Source material:

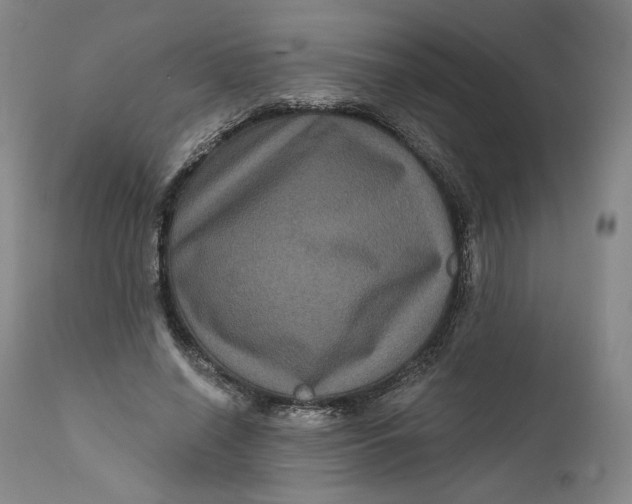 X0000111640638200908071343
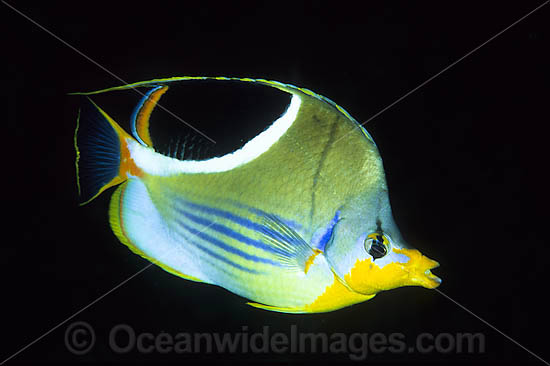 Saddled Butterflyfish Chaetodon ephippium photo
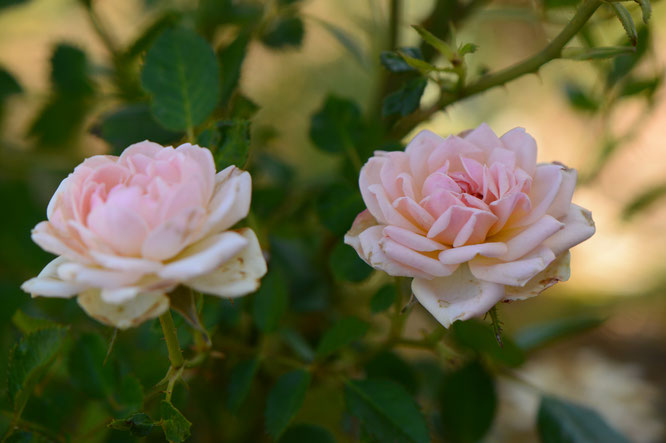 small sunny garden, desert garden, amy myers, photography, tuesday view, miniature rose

Task objective: Once the pictures are set aside, retype the rest of the listing exactly.

Solution for this exercise:
 X0000111640638200908071343
 Saddled Butterflyfish Chaetodon ephippium photo
 small sunny garden, desert garden, amy myers, photography, tuesday view, miniature rose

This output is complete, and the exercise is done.